» **Directions**
Your answer must be an exact repetition of every record.

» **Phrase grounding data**
+++

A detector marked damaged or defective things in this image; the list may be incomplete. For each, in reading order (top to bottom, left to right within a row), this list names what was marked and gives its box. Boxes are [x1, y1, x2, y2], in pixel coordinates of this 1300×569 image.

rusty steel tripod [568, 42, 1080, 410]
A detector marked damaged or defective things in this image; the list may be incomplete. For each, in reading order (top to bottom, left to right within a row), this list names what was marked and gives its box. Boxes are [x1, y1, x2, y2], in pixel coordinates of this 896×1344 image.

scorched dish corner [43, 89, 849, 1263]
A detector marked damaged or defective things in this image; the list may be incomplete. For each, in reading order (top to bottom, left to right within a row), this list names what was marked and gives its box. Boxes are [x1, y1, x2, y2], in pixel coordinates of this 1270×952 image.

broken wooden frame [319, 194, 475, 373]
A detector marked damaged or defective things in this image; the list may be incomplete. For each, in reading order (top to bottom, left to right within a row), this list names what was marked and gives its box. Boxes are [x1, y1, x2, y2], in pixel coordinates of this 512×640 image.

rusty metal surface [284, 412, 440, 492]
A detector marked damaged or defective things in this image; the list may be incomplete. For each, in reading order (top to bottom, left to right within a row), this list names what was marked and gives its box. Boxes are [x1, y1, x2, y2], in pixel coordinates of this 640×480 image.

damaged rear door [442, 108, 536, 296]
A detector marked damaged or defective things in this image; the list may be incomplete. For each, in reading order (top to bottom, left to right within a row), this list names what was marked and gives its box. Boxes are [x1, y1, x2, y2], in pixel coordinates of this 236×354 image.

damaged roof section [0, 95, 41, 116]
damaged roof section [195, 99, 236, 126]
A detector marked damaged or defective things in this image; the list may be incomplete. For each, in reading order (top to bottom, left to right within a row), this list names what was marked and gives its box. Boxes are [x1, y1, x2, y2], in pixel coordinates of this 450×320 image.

+++

» **Answer box**
A detector marked damaged or defective things in this image; the list may be incomplete. For each, in reading order (top to bottom, left to right within a row), this list names what was marked and gives its box. Boxes are [x1, y1, x2, y2], in pixel coordinates of this 1300×569 image.

rusty steel tripod [568, 42, 1080, 410]
A detector marked damaged or defective things in this image; the list may be incomplete. For each, in reading order (top to bottom, left to right within a row), this list names what was marked and gives its box. Boxes are [x1, y1, x2, y2], in pixel coordinates of this 896×1344 image.

scorched dish corner [43, 89, 849, 1263]
A detector marked damaged or defective things in this image; the list may be incomplete. For each, in reading order (top to bottom, left to right within a row), this list names what was marked and gives its box. Boxes are [x1, y1, x2, y2], in pixel coordinates of this 1270×952 image.

broken wooden frame [319, 194, 475, 373]
A detector marked damaged or defective things in this image; the list may be incomplete. For each, in reading order (top to bottom, left to right within a row), this list names what was marked and gives its box. Boxes are [x1, y1, x2, y2], in pixel coordinates of this 512×640 image.

rusty metal surface [284, 412, 440, 492]
A detector marked damaged or defective things in this image; the list may be incomplete. For each, in reading order (top to bottom, left to right within a row), this list names what was marked and gives its box. Boxes are [x1, y1, x2, y2], in pixel coordinates of this 640×480 image.

damaged rear door [442, 108, 536, 296]
A detector marked damaged or defective things in this image; the list may be incomplete. For each, in reading order (top to bottom, left to right within a row), this list names what was marked and gives its box. Boxes are [x1, y1, x2, y2], in pixel coordinates of this 236×354 image.

damaged roof section [0, 95, 41, 116]
damaged roof section [195, 99, 236, 126]
A detector marked damaged or defective things in this image; the list may be incomplete. For each, in reading order (top to bottom, left to right within a row), this list names what was marked and gives its box. Boxes are [x1, y1, x2, y2], in pixel coordinates of this 450×320 image.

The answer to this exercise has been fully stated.